• TASK DETAILS: Retype all entries exactly, skipping pictures.

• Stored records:
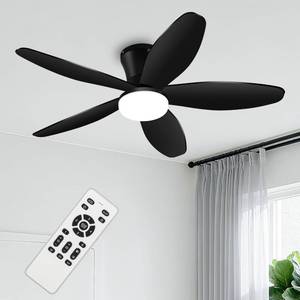 lot 17750 image: Yoedivu 42 Inch Black Low Profile Flush Mount Ceiling Fan with Light and Remote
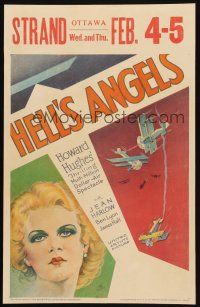 7g019 HELL'S ANGELS WC '30 Howard Hughes air spectacle, art of sexy Jean Harlow by Hap Hadley!
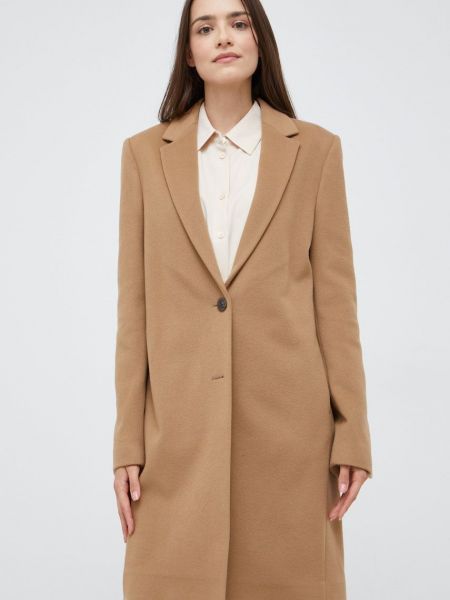 Вълнено палто с изолация Calvin Klein бежово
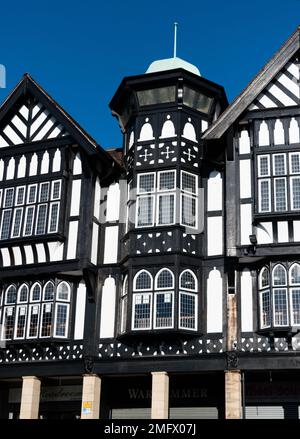 Image of the black and white mock tudor 1920's buildings on Knifesmithgate in the market town of Chesterfield, Derbyshire. Stock Photo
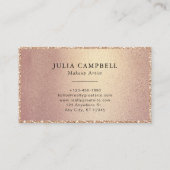 Carte De Visite Rose Gold Moderne Script Monogram Chic (Dos)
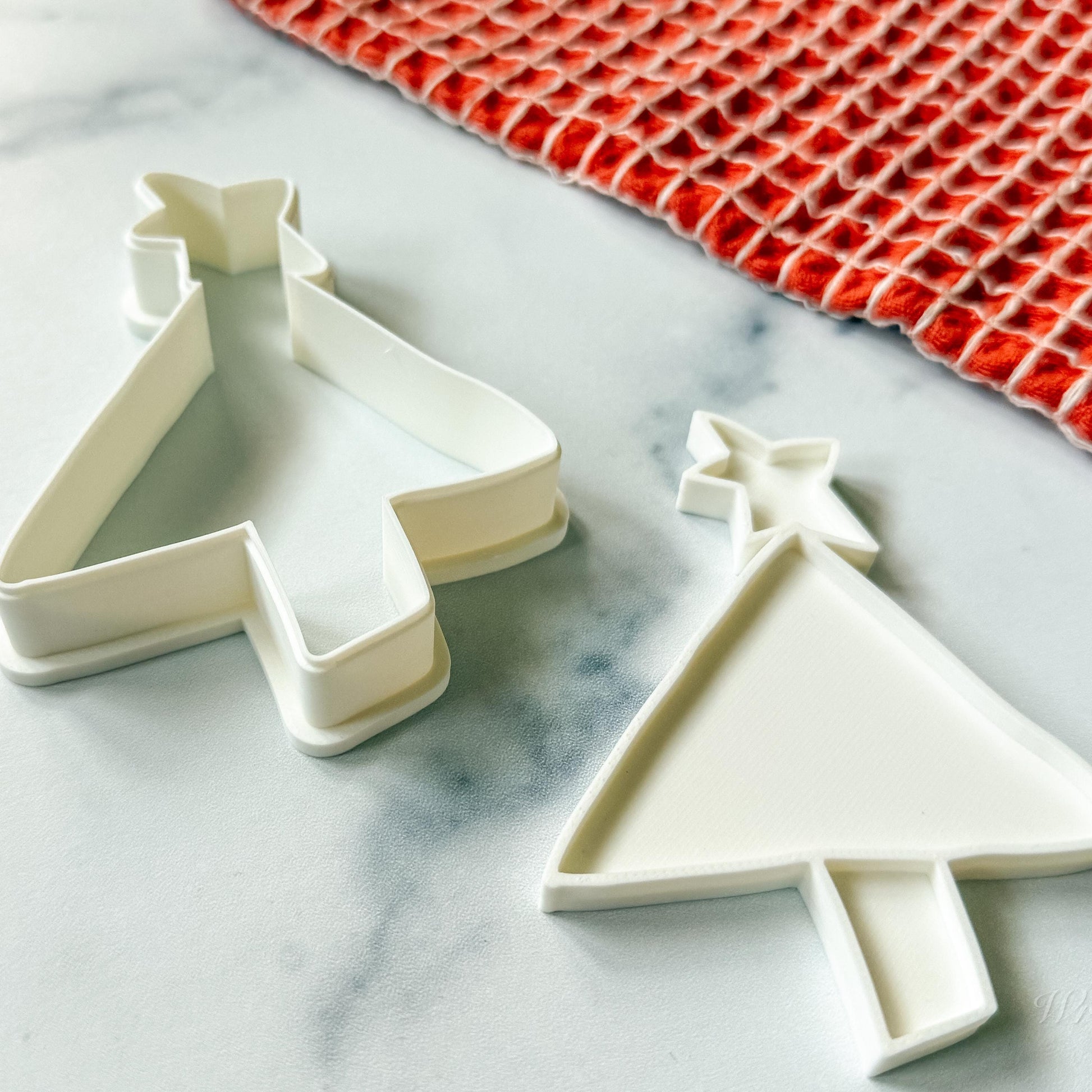 3D Printed Whimsical Holiday Tree Stamp and Cookie Cutter Set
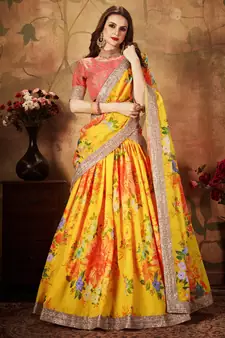 Yellow Floral Printed Heavy Wedding Designer Lehenga Choli for Women Stylish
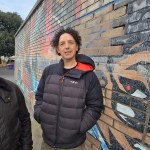 Cllr Andrew Stevens and Jeremy Donaldson standing on site at Victoria Park during the start of construction on the new skate plaza.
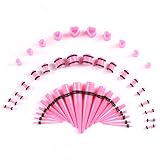 Memsion Ear Stretching Kit Gauges for Ears 46 Pcs 14G-00G Ear Gauges Expander Set Acrylic Ear Tapers and Plugs Body Earring Piercing Kits Pink color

• SOLUTION TO THE EXERCISE:
 lot 17750 image: Yoedivu 42 Inch Black Low Profile Flush Mount Ceiling Fan with Light and Remote
 7g019 HELL'S ANGELS WC '30 Howard Hughes air spectacle, art of sexy Jean Harlow by Hap Hadley!
 Вълнено палто с изолация Calvin Klein бежово
 Image of the black and white mock tudor 1920's buildings on Knifesmithgate in the market town of Chesterfield, Derbyshire. Stock Photo
 Carte De Visite Rose Gold Moderne Script Monogram Chic (Dos)
 3D Printed Whimsical Holiday Tree Stamp and Cookie Cutter Set
 Yellow Floral Printed Heavy Wedding Designer Lehenga Choli for Women Stylish
 Cllr Andrew Stevens and Jeremy Donaldson standing on site at Victoria Park during the start of construction on the new skate plaza.
 Memsion Ear Stretching Kit Gauges for Ears 46 Pcs 14G-00G Ear Gauges Expander Set Acrylic Ear Tapers and Plugs Body Earring Piercing Kits Pink color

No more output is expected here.